Apply function on row or column¶

Using df.apply(fun) allows you to apply a function to either columns or rows of a DataFrame. Here's an example:

df.apply(np.sum, axis=0)
df.apply(np.sum, axis=1)

You can even apply a function to specific columns or rows.

df.apply(lambda x: x['A'] * x['B'], axis=1)
df['productcolmn']=df.apply(lambda x: x['A'] * x['B'], axis=1)


def majority(x):
    if x > 17:
        return True
    else:
        return False

stud_alcoh['legal_drinker'] = stud_alcoh['age'].apply(majority)

Loading CSV data¶

The function pd.read_csv is used to import data saved in CSV format. The following example demonstrates how to import a CSV file into Python, with the data being the California housing dataset:

source ="https://storage.googleapis.com/mledu-datasets/california_housing_train.csv"
CHT = pd.read_csv(source, sep=",")
CHT.head()

Loading big CSV data¶

If the data is very large, you may need to split it into chunks and perform computations on each chunk.

chunk_size=100
chunk=[]
for chunk in pd.read_csv('file.csv',chunksize=chunk_size):
   do computation
  chunks.append(chunk)
df = pd.concat(chunks, axis=0)

Generating summary¶

To view the data types, summary statistics, and general information about the variables in a DataFrame, use .dtypes, .describe(), and .info().

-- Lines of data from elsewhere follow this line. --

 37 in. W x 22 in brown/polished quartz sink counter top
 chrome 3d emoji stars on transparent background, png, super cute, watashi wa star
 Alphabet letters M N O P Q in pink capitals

# show the type of variables
CHT.dtypes
# generate summary
CHT.describe()
CHT.info()

It is easy to identify and remove duplicates in a DataFrame.

CHT.duplicated()
CHT.drop_duplicates()

To check for duplicates in specific columns, specify their names as well.

CHT.duplicated(['longitude'])
CHT.drop_duplicates(['longitude'], keep='last')
CHT.index.duplicated()

To truncate the display of data, you can adjust the display options using pd.set_option()

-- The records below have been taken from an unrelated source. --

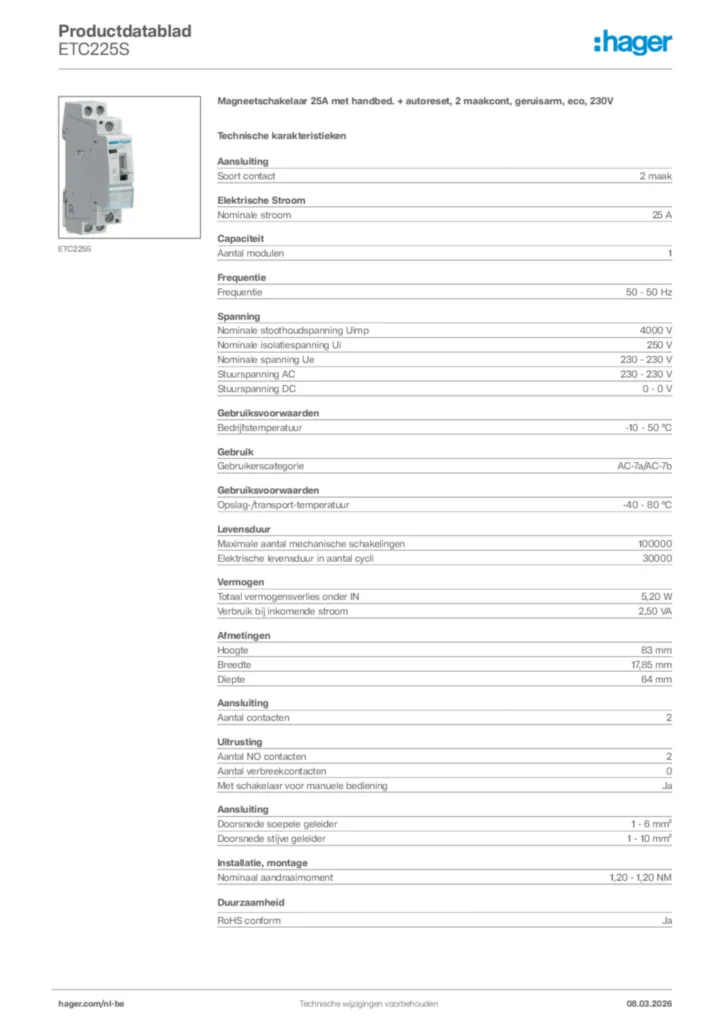 Afbeelding Hager Productdatablad ETC225S | Hager Belgium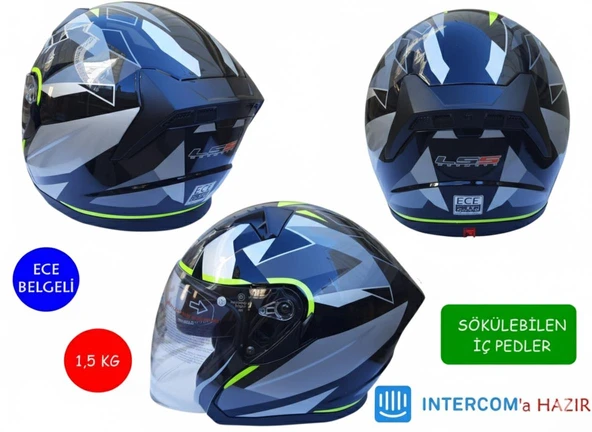 Kask Lss Çenesiz Vizörlü Parlak Siyah (F) Xl Beden ürün görseli 1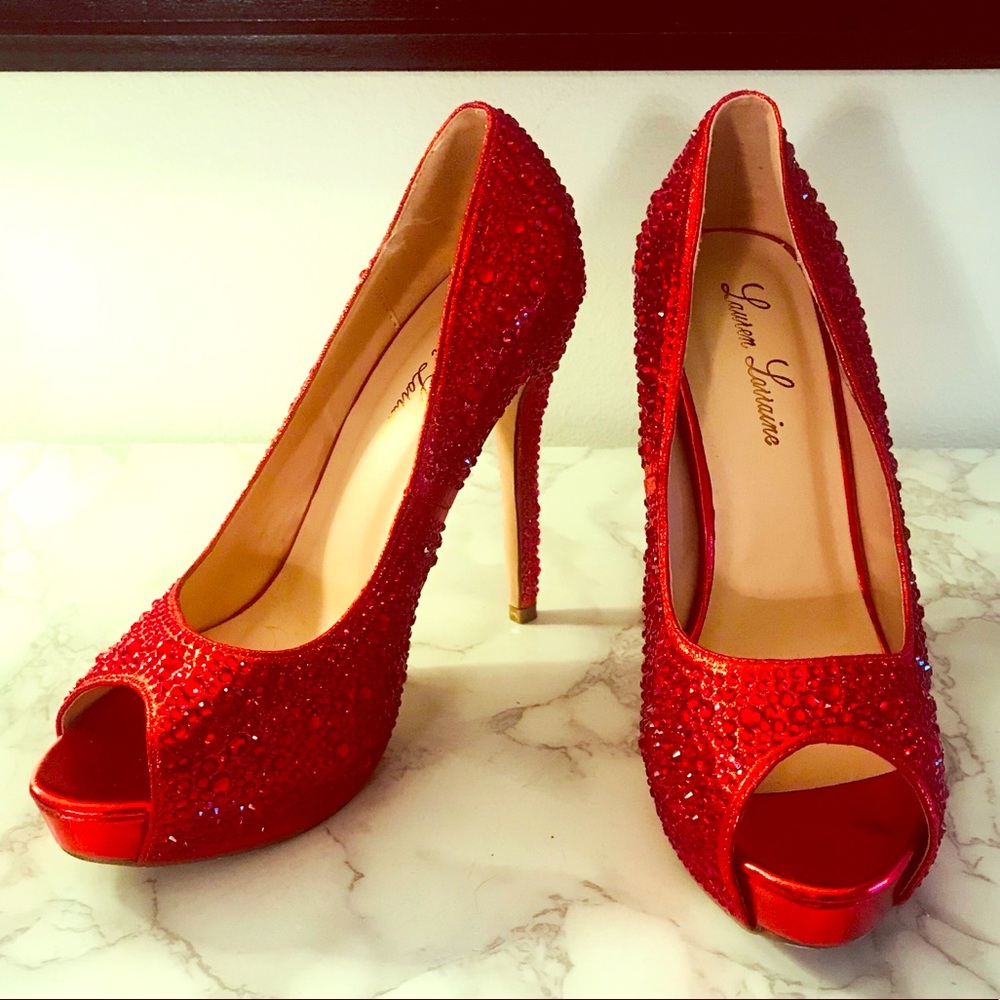 Sexy Bling Red Lauren Lorraine High Heels 8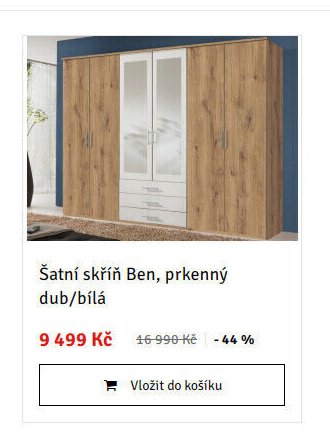 Šatní skříň Ben, prkenný dub/bílá - ASKO akcniletaky.com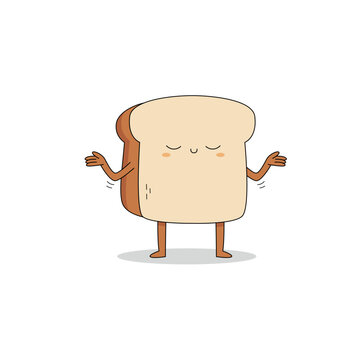 Cute bread slice cartoon character nonchalant attitude doodle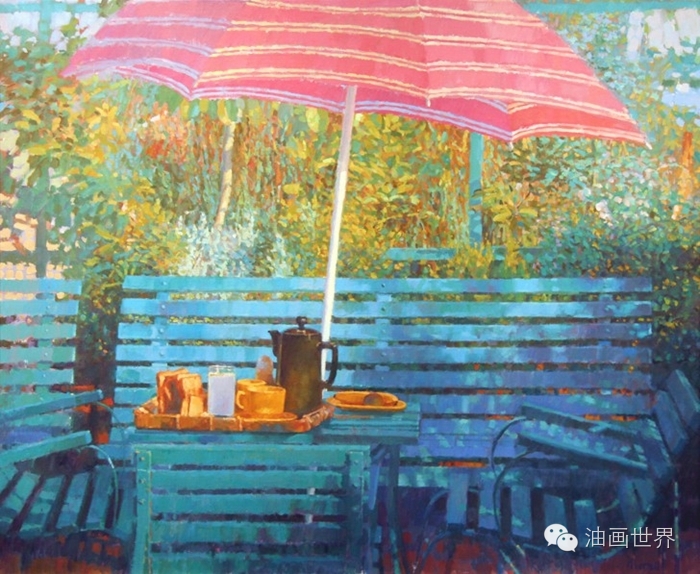 禅意山水意境油画,浓郁诗意的风景油画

pd.set_option('display.max_rows', 50)
pd.set_option('precision', 4)

Data type¶

Pandas has different data types; object (a mix of different type of data), int64 ( interger numbers), float64(floating-point numbers), bool(True/False values), datetime64(Date and time values), category(a finite number of possible values). The following codes show how to define the data type.

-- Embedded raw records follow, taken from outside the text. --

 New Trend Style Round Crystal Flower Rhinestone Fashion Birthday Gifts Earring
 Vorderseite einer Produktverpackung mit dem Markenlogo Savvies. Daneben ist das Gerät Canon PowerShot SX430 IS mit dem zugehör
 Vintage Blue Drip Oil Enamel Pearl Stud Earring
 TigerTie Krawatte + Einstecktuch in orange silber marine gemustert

raw_data = {'population': [ 1015.0, 1129.0, 333.0,  515.0],'median_income': [ 1.5, 1.8,  1.7,  3.2], 'class_income': ['low', 'low',  'low',  'high'], 'time':['2019-04-01','2019-05-04','2019-06-01','2019-07-02']}
df=pd.DataFrame(raw_data, columns = ['population', 'median_income','class_income','time'])
df.dtypes
df['population']=df['population'].astype('int64')
df['median_income']=df['median_income'].astype('float64')
df['class_income']=df['class_income'].astype(CategoricalDtype(categories=['low', 'high'], ordered=True))
df['time']=df['time'].astype('datetime64')
df.dtypes

Size of data-frame¶

The dimension of a DataFrame is 2, which can be accessed using .ndim. The number of rows and columns can be obtained with .shape.

CHT.ndim
CHT.shape
CHT.shape[0]
CHT.shape[1]

Preview¶

Beside the function print, Pandas can show the first and the last part of data, using .head() and .tail(). By passing a number in the parenthesis, one can specify the output.

CHT.head(10)
CHT.tail(10)
CHT.sort_values(by='housing_median_age', ascending=False).head(3)
CHT.columns

Manipulating data-frame¶

Subset of Data¶

To select the data use the name of variable, or specify the indices via .iloc and .loc (link)[http://pandas.pydata.org/pandas-docs/version/0.22/indexing.html]. .iloc is an integer-based and select should use integer index. On contrary, .loc is primarily label based, and may also be used with a boolean array.

CHT.longitude
CHT['longitude']
CHT.iloc[:,1]
CHT.iloc[:,[1,3,4]]
CHT.iloc[:,np.r_[1,3:6]]

To select part of row, you can also use iloc[index of row,:], also the rows can be selected using the logical values

CHT.iloc[2:10]
CHT.iloc[2:10,:]
CHT[CHT.iloc[:,1]<34]

To retieve part of row, should pass boolean variable, .iloc does not work boolean variable, and .loc should be used. Consider the median_income in our data, by using quartile divid it into three categories.

CHT['famlev'] = ''
C1=CHT.median_income<=CHT.median_income.quantile(.3)
C2=CHT.median_income>=CHT.median_income.quantile(.7)
CHT.loc[C1,'famlev']='L'
CHT.loc[~C1&~C2,'famlev']='M'
CHT.loc[C2,'famlev']='H'

Obviously, we can use & to bring the ~C1 and ~C2 together. In this case we used .loc, obviously we specify column labels to retrieve columns instead of by position.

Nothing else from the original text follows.